EXERCISE AIM - Print the data below exactly, but only the lines from the one containing "Plotterpapirruller, 61 cm" down to the one containing "Balloons package with", inclusive.
[[ EXTRACTED RECORDS, beginning ]]
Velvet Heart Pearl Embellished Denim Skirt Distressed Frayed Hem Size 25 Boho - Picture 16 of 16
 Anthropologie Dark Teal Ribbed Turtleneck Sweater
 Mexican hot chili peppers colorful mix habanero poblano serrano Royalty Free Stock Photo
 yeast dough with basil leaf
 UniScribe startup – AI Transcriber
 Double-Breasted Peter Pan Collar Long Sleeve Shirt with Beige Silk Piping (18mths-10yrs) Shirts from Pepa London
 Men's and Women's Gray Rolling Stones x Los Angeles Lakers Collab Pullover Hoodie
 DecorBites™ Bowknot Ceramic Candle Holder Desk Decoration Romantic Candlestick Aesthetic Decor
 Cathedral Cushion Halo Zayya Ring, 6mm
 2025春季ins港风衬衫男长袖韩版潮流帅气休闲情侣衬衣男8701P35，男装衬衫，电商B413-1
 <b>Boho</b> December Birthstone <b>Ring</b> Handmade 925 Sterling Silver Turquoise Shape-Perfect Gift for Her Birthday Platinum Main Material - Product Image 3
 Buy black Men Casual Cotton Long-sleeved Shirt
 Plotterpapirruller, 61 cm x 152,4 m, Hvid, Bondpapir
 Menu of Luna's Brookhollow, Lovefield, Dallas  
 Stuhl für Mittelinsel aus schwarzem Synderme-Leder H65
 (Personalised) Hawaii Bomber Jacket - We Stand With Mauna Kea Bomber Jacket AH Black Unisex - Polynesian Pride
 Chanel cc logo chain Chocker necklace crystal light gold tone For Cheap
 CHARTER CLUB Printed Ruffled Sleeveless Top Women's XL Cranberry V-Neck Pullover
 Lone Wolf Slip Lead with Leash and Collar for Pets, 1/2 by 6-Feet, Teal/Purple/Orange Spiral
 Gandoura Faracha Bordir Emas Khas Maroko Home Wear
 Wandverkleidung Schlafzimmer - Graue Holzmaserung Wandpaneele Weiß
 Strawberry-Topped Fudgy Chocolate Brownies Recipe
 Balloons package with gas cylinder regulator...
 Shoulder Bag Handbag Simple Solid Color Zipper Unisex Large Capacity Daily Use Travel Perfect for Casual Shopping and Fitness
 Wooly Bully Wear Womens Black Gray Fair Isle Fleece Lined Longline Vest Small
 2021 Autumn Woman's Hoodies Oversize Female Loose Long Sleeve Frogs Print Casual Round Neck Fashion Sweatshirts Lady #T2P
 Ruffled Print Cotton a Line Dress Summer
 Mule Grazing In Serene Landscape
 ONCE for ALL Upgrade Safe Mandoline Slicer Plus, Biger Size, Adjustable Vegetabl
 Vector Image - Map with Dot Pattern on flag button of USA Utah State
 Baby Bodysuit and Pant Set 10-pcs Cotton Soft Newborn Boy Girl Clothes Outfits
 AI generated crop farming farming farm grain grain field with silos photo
[[ EXTRACTED RECORDS, end ]]
OUTPUT OF THE EXERCISE -
 Plotterpapirruller, 61 cm x 152,4 m, Hvid, Bondpapir
 Menu of Luna's Brookhollow, Lovefield, Dallas  
 Stuhl für Mittelinsel aus schwarzem Synderme-Leder H65
 (Personalised) Hawaii Bomber Jacket - We Stand With Mauna Kea Bomber Jacket AH Black Unisex - Polynesian Pride
 Chanel cc logo chain Chocker necklace crystal light gold tone For Cheap
 CHARTER CLUB Printed Ruffled Sleeveless Top Women's XL Cranberry V-Neck Pullover
 Lone Wolf Slip Lead with Leash and Collar for Pets, 1/2 by 6-Feet, Teal/Purple/Orange Spiral
 Gandoura Faracha Bordir Emas Khas Maroko Home Wear
 Wandverkleidung Schlafzimmer - Graue Holzmaserung Wandpaneele Weiß
 Strawberry-Topped Fudgy Chocolate Brownies Recipe
 Balloons package with gas cylinder regulator...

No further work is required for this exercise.